A **collation** is a structured alignment with certain placeholders that underpins the construction of formal languages.

These placeholders may be replaced by elements of an alphabet $\mathcal A$ under consideration.

A **collation in $\mathcal A$** is one where all placeholders are replaced by symbols from $\mathcal A$.

For example, if we take $\square$ to denote a placeholder, then $\square\square\square\square\square$ represents the collation "a word of length $5$".

We can see that then the word "sheep" is an instance of the **collation** "a word of length $5$" **in the English alphabet**, as is "axiom".

Typical examples of **collations** encountered in mathematics are words or structured graphics like labeled trees.

### Collation System

A key feature of collations is the presence of methods to *collate* a number of collations into a new one.

A collection of collations, together with a collection of such **collation methods** may be called a **collation system**.

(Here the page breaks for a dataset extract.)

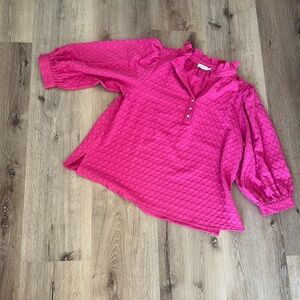 Elegant Fuchsia Blouse with Ruffled Collar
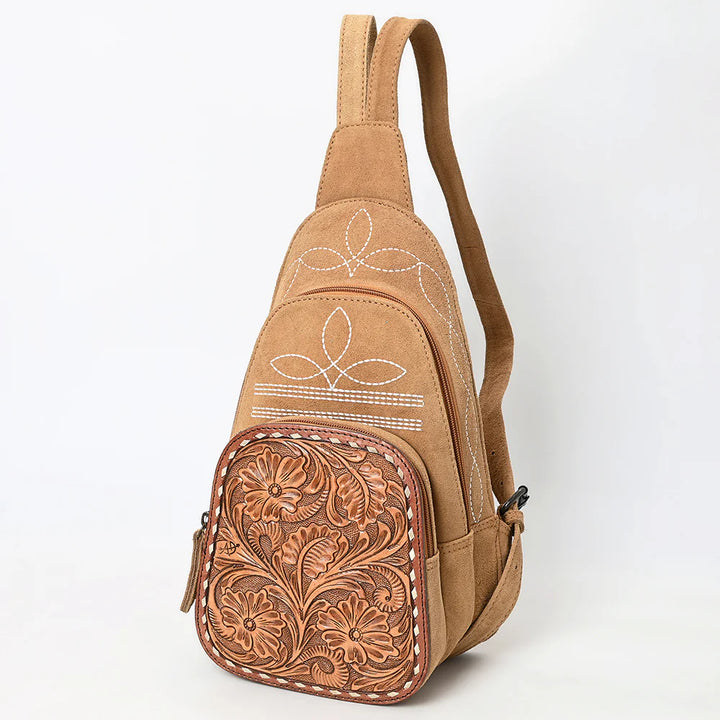 Boot Stitched Tooled Leather Sling Bag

For example, words and the method of concatenation.

### Unique Readability

Let $\mathcal C$ be a collation system, and let $\mathcal A$ be an alphabet.

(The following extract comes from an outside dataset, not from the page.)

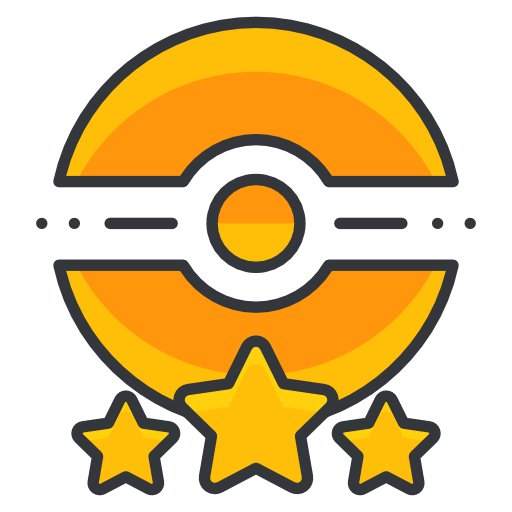 Poke Trainer Three Star Icon Free Nobackground Png Icon Download (gold, orange, black, indigo)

Suppose that for any two collations from $\mathcal C$, $C$ and $C'$, in the alphabet $\mathcal A$, it holds that:

- If $C$ and $C'$ are indistinguishable, then $C = C'$.

Then $\mathcal C$ has the **unique readability property** for $\mathcal A$.

## Examples

The concept of **collation** being a very fundamental and abstract one, it is helpful to discuss some examples.

- Any word in natural language is a
**collation**in the standard alphabet; - Any number is a
**collation**in the alphabet of digits; - Any sentence is a
**collation**in the alphabet of all words; - Any sentence is a
**collation**in the alphabet of letters and punctuation marks; - Any movie is a collation in the alphabet of stills;
- Any Lego construction is a collation in the alphabet of Lego bricks;
- Any labeled tree is a collation.

We see that unique readability is typically ensured by:

- Position on the paper (or any other 2D carrier);
- Position in time;
- Position in the real world (or any other 3D environment).